Now, PEER is claiming that the material the BIE has provided was not only an insufficient response to its request but is unrelated entirely.

“Our principal issue … is that we did not get the report we asked for but something different,” Jeff Ruch, who submitted the FOIA request on PEER’s behalf, told the Journal-World via email Monday afternoon.

What was in the 528 pages of documents provided in response to the request was not a report of a completed investigation but instead a “collection of statements, memos (and) emails with no findings,” according to the letter Ruch said PEER is sending to the assistant U.S. attorney.
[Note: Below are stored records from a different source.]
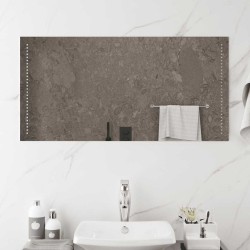 Miroir de salle de bain à LED 100x50 cm 548998548998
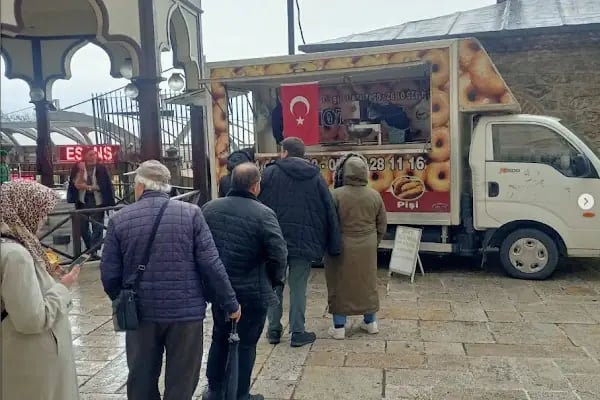 Yağız bursa lokmacisi - Resim 11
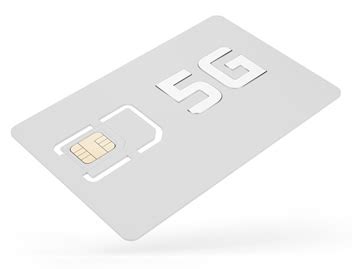 5G SIM Cards - 5G SIM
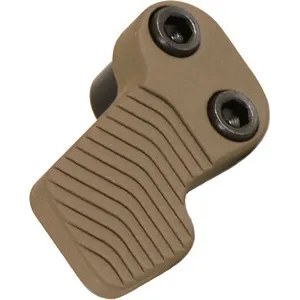 Odin Extended Magazine Release - Xmr Fde For Ar-15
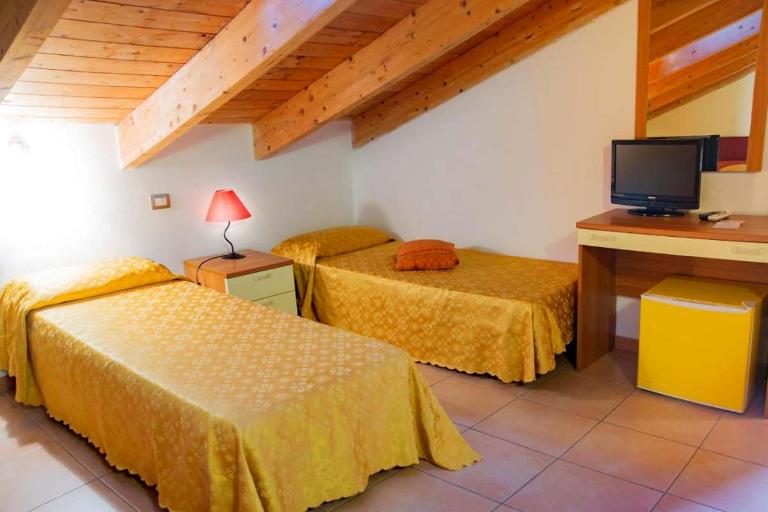 Agritourisme I Vigneti - Chambre 4 personnes, Alghero (SS)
Indeed, the documents appear to largely consist of heavily redacted screenshots of email and text conversations, and they also appear to not be related to the allegations laid out by the Haskell student group but instead an earlier investigation of “allegations of harassing conduct” against former Haskell cross country coach Clay Mayes.

Mayes was removed from his role in late 2021 following allegations of misconduct, and in late July submitted a petition for reinstatement with the BIE. In that letter sent to BIE Director Tony Dearman, Mayes disputes any findings in that investigation as “false” or even “just plain made up,” and says that Dearman and other Haskell officials told him during the course of those events that his employment with the BIE would be reinstated.
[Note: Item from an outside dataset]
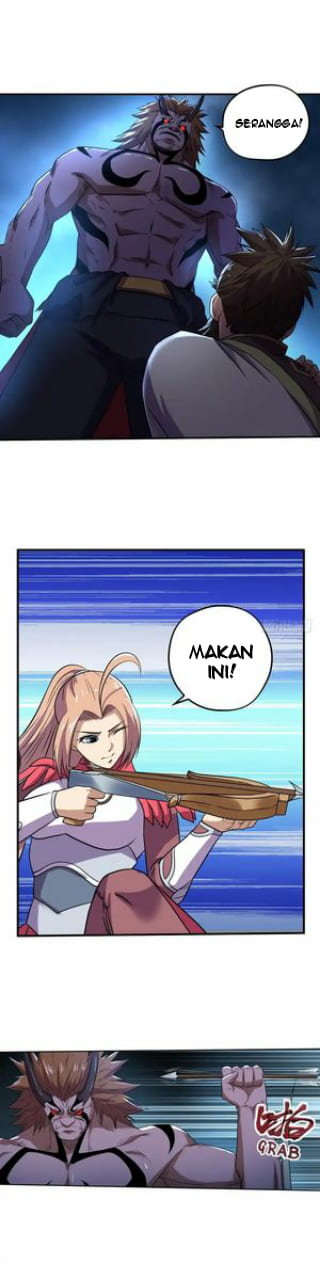Manhua Reborn Big Player Chapter 126 gambar 2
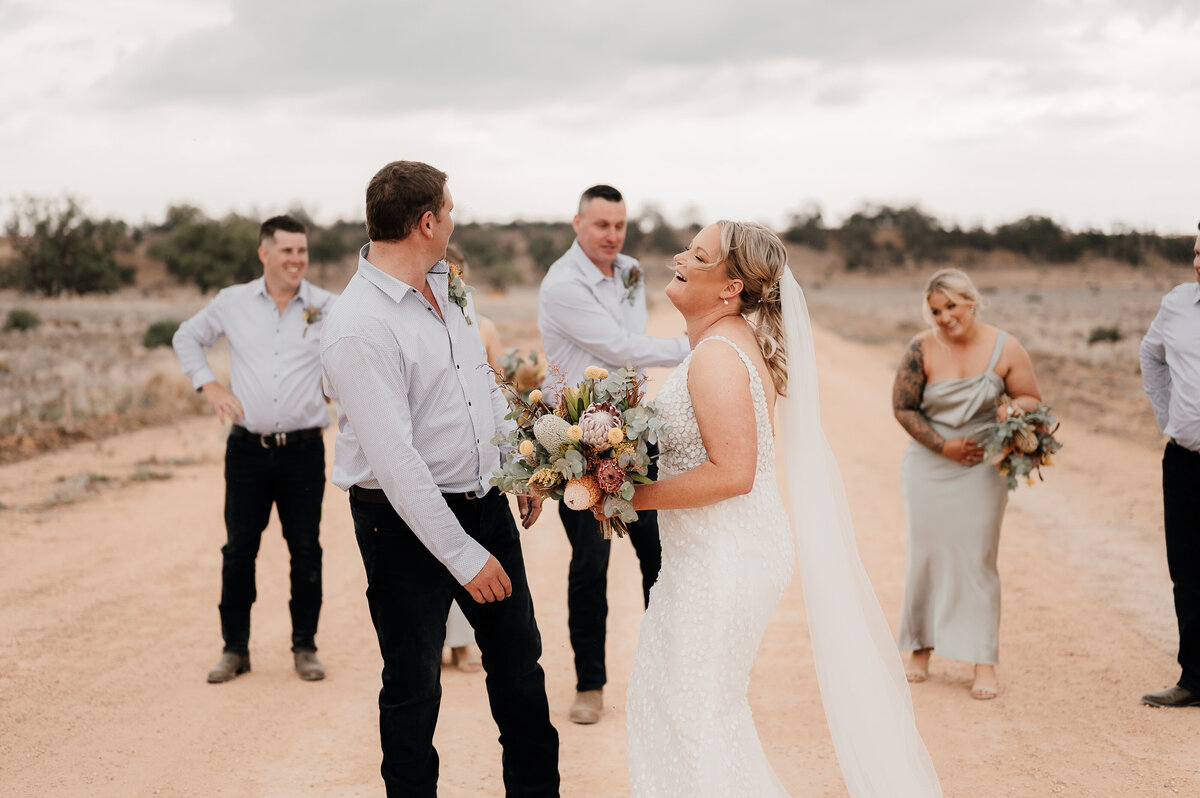 Mildura Wedding Photographer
Mayes also called for the release of reports about the investigation into his conduct — which appears to have been conducted by the U.S. Postal Service, according to the documents in PEER’s information request — and the investigation students previously asked to be released.

But another issue, PEER’s letter states, is that this material was collected during the wrong period of 2022 — the documents say the investigation was conducted between Feb. 24, 2022, and May 6, 2022, then submitted in mid-July. PEER maintains that it requested the investigatory report compiled in the latter half of 2022, which is indeed the language used in the original FOIA request.

“What BIE did provide was a series of documents, statement(s) and emails … from an independent contract investigation ordered by BIE in November 2021 to be conducted by Wendy Blanchard, U.S. Postal Service, on a different matter — alleged misconduct/harassment by Haskell cross country coach Clay Mayes,” the letter reads.

As the Journal-World has reported, at least one student at Haskell who alleges to have been subject to sexual abuse on campus has come forward publicly. That student, Tierra Thomas, told the Journal-World in September that she was sexually abused by a fellow Haskell student in April of 2022 and has since reported what she experienced “over 30 times” to 18 employees at Haskell and the university’s Board of Regents to no avail.

Editor’s note: This story has been revised to include information about Mayes’ letter to Dearman.